* _Data provided_:

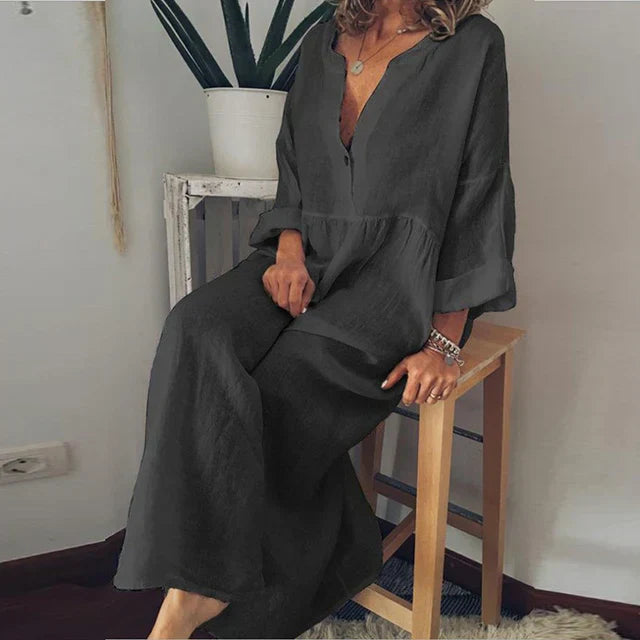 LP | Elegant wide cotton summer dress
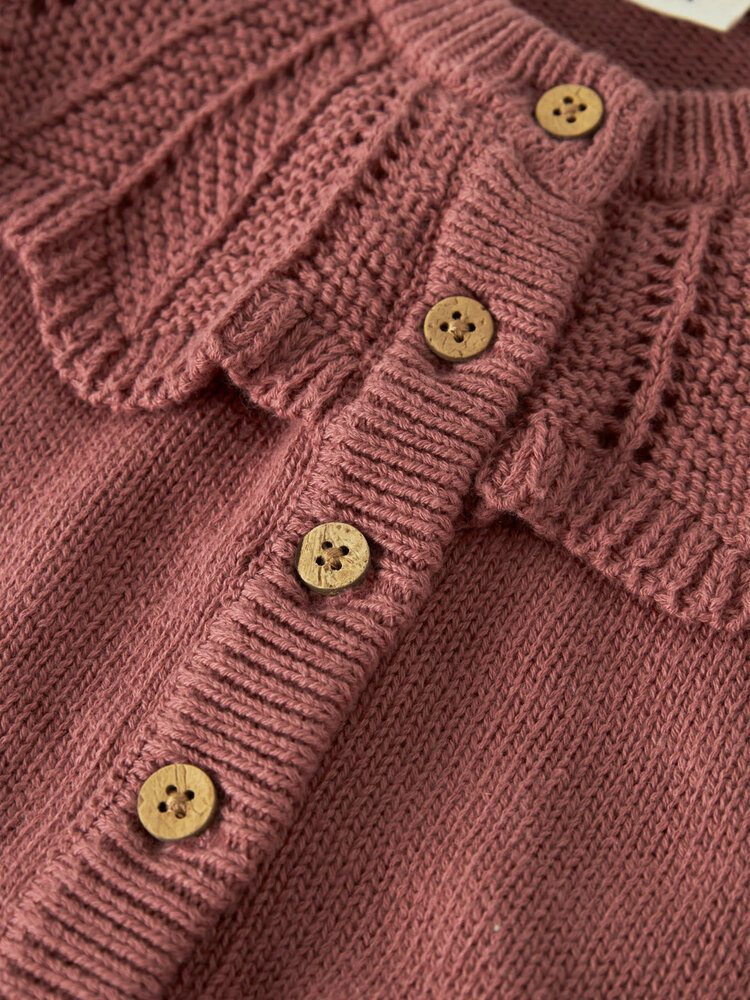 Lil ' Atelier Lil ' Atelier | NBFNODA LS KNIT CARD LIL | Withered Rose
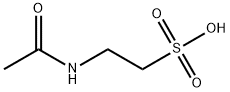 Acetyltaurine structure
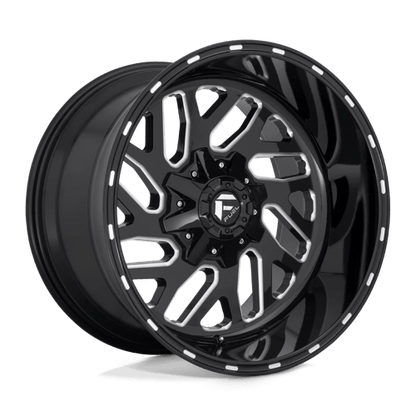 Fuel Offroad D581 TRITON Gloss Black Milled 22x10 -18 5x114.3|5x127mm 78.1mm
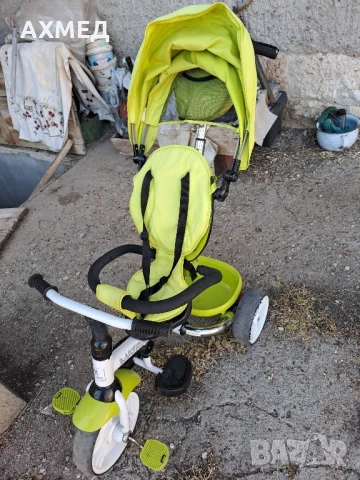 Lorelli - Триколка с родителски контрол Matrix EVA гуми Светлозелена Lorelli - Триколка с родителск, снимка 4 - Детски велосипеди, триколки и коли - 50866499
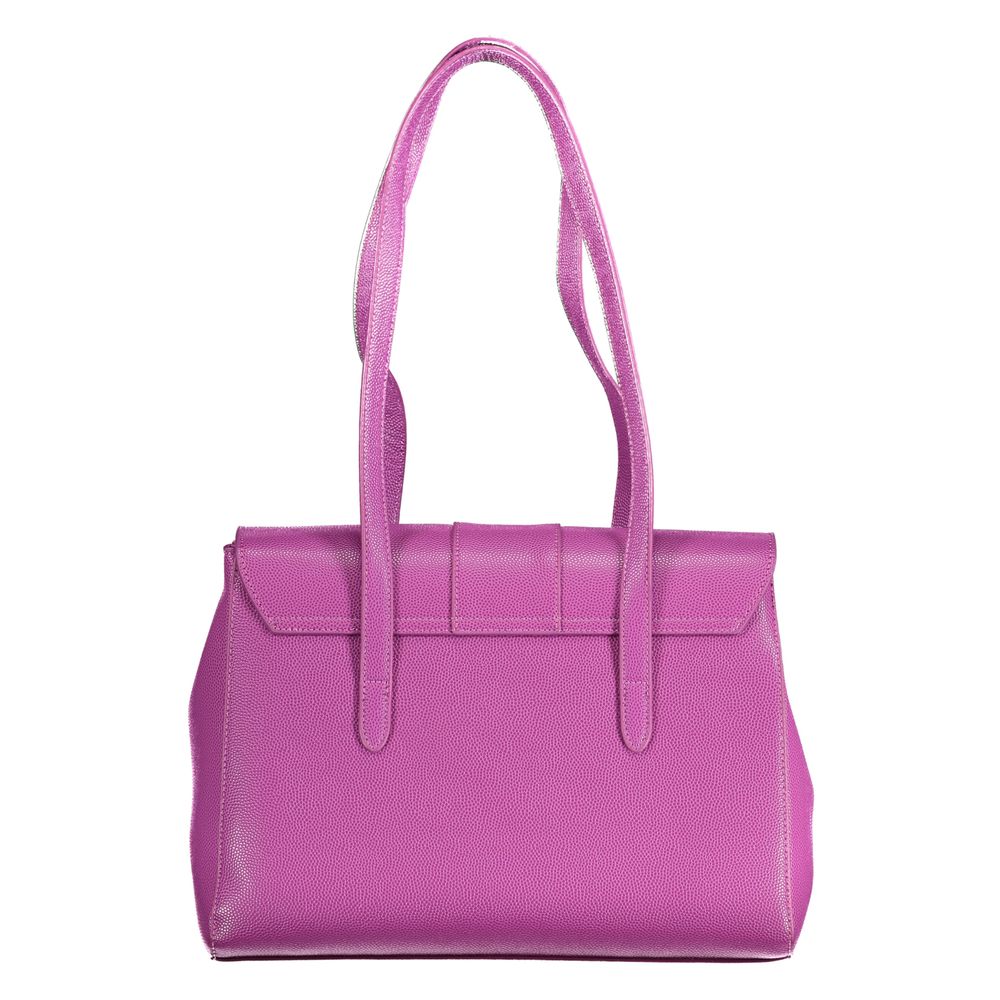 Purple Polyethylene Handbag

* _What this task involves_: Copy exactly the lines from the line that contains "Lorelli - Триколка с родителски" through the last line of the records above, both ends included, but leave out the pictures.

* _Response for this exercise_:
 Lorelli - Триколка с родителски контрол Matrix EVA гуми Светлозелена Lorelli - Триколка с родителск, снимка 4 - Детски велосипеди, триколки и коли - 50866499
 Purple Polyethylene Handbag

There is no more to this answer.